In this way, the DLC IR faclitates lowering of access and execute code to target dialects like LLVM.

SCF → SLC lowering pipeline (tools\ember-opt.cpp with --scf-to-slc flag)

Ember lowers PyTorch/TensorFlow code to MLIR SCF code through state-of-the-art tools like torch-mlir or MPACT. Then, thourgh the tools\ember-opt.cpp pipeline, Ember lowers SCF code to SLC code to perform global optimizations before lowering to decoupled code. All the passes within such pipeline are either placed in the lib\Conversion or lib\Transforms folder.
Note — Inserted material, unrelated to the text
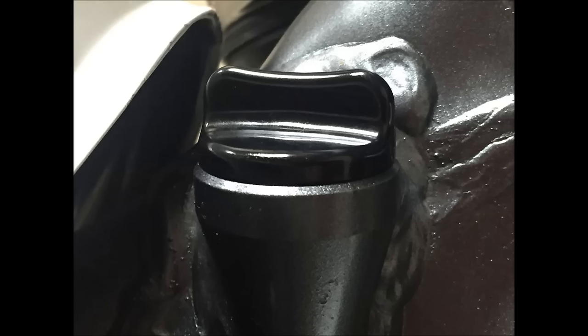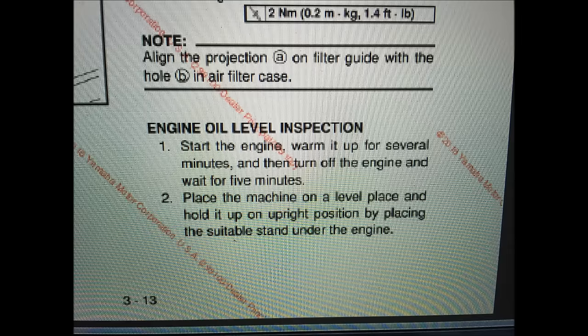Verify the dipstick is fully seated. For the OEM service manual, it says to start the engine, let it run for several minutes, then turn off and wait for five minutes. This is the part that people are missing.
In particular, Ember lowers SCF to SLC in three main steps:

  1. Recursive traversal with lib\Transforms\ChooseDecoupling This transformation pass scans the SCF IR and:
    • Marks loop offloading candidates (by inserting special operations in their bodies)
    • Marks loop vectorization candidates (also via special operations)
    • Places beg/ite/end callbacks around offloading candidates
    • Keeps non-offloaded operations outside callbacks
    • Moves offloaded operations inside callbacks
  2. Conversion with lib\Conversion\ScfToSlc A match-and-rewrite pass that lowers the marked SCF constructs into SLC operations, specifically:
    • All SCF loops marked for offloading
    • All load, add, and mul operations outside callbacks
  3. Canonicalization with lib\Transforms\MoveToValOps pass Match and rewrite pass that moves to_val ops into callbacks

When in the prject folder, this pipeline can be run with bazel run //tools:ember-opt -- --debug --debug-only=dialect_conversion --mlir-print-ir-after-all --allow-unregistered-dialect --scf-to-slc $PWD/tests/eb_scf.mlir

SLC optimization pipeline (tools\ember-opt.cpp with --optimize flag)
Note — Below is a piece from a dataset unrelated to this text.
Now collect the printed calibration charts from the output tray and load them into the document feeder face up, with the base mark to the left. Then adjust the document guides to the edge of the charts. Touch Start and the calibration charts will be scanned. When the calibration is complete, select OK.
At first, Ember vectorizes code using a two-step process:

  1. Access code vectorization with the lib\Conversion\SlcVectorizer pass
  2. Execute code vectorization with the lib\Transforms\CallbackVectorizer pass

To ensure type correctness, the first conversion pass inserts temporary vector-to-scalar cast operations before each stream-to-value cast inside callbacks. The second pattern-rewriting pass then iteratively transforms the IR by:

  • Using the temporary cast operations to track the frontier of vectorized instructions
  • Replacing each scalar operation with a vectorized counterpart, followed by a new temporary cast
  • Advancing the frontier until all eligible operations are vectorized

All the other optimizations are implemented as match-and-rewrite passes that walk the IR to detect and transform specific patterns.
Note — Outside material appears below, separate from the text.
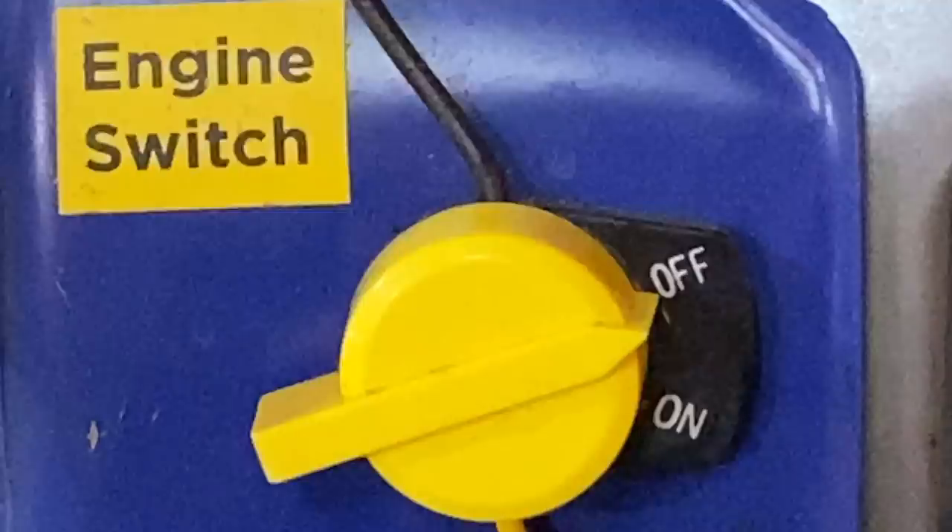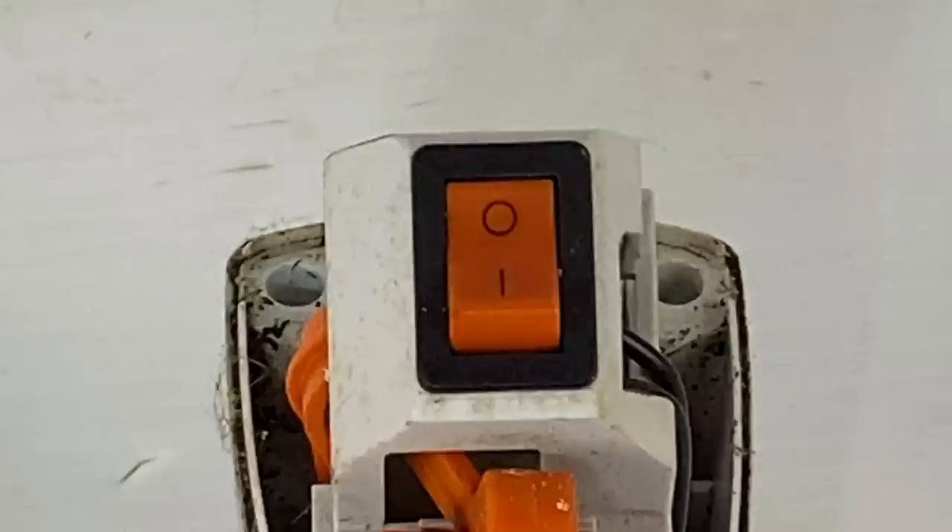We have some more saloon mail to answer. Why don't all manufacturers simply put on and off on their kill switches? Some put an I and an O, and I can never remember which is which.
Overall, the full lowering and optimization tools\ember-opt.cpp pipeline consists of, in order:

  1. lib\Transforms\ChooseDecoupling pass
    • Marks loop offloading/vectorization candidates
    • Places beg/ite/end callbacks
    • Moves ops inside/outside callbacks
  2. lib\Conversion\ScfToSlc pass
    • Converts SCF loops/loads/add/mul into SLC ops
  3. lib\Conversion\SlcVectorizer pass
    • Vectorizes marked loops (not callbacks)
  4. lib\Transforms\SimplifyCastOps pass
    • Cleans up temporary cast ops
  5. lib\Transforms\CallbackVectorizer pass
    • Vectorizes callback contents
  6. lib\Transforms\BufferCompoundTypes pass
    • Bufferizes compound types (details in paper)
  7. lib\Transforms\ReplaceToValOps pass
    • Queue alignment (details in paper)
  8. lib\Transforms\SimplifyMemOps pass
    • Optimizes vector loads with sequential indices

When in the prject folder, this pipeline can be run with bazel-bin/tools/ember-opt --debug '--debug-only=dialect_conversion' --mlir-print-ir-after-all --allow-unregistered-dialect --optimize $PWD/tests/eb_slc_O0.mlir

SLC → DLC lowering pipeline (tools\ember-opt.cpp with --slc-to-dlc flag)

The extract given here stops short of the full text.